Whether you’re purposely using micro-services, having to integrate with 3rd party systems, or just the team down the hall’s services, it’s almost inevitable that an enterprise system will have to communicate with something else. Or at the very least have a need to do some kind of background processing within the same logical system. For all those reasons, it’s not unlikely that you’ll have to pull in some kind of asynchronous messaging tooling into your system.

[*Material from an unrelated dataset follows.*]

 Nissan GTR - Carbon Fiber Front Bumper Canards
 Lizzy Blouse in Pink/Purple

It’s also an imperfect world, and despite your best efforts your software systems will occasionally encounter exceptions at runtime. What you really need to do is to plan around potential failures in your application, especially around integration points. Fortunately, your asynchronous messaging toolkit should have a robust set of error handling capabilities baked in — and this is maybe the single most important reason to use asynchronous messaging toolkits like MassTransit, NServiceBus, or the Jasper project I’m involved with rather than trying to roll your own one off message handling code or depend strictly on web communication via web services.
In no particular order, I think you need to have at least these goals in mind:
- Craft your exception handling in such a way that it will very seldom require manual intervention to recover work in the system.

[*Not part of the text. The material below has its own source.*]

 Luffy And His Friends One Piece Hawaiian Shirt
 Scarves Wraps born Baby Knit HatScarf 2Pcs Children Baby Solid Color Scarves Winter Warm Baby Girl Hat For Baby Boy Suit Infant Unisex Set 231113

- Build in resiliency to transient errors like networking hiccups or database timeouts that are common when systems get overtaxed.
- Limit your temporal coupling to external systems both within your organization or from 3rd party systems. The point here is that you want your system to be at least somewhat functional even if external dependencies are unavailable. My off the cuff recommendation is to try to isolate calls to an external dependency within a small, atomic command handler so that you have a “retry loop” directly around the interaction with that dependency.
- Prevent inconsistent state within your greater enterprise systems. I think of this as the “no leaky pipe” rule where you try to avoid any messages getting lost along the way, but it also applies to ordering operations sometimes. To illustrate this farther, consider the canonical example of recording a matching debit and withdrawal transaction between two banking accounts. If you process one operation, you have to do the other as well to avoid system inconsistencies. Asynchronous messaging makes that just a teeny bit harder maybe by introducing eventual consistency into the mix rather than trying to depend on two phase commits between systems — but who’s kidding who here, we’re probably all trying to avoid 2PC transactions like the plague.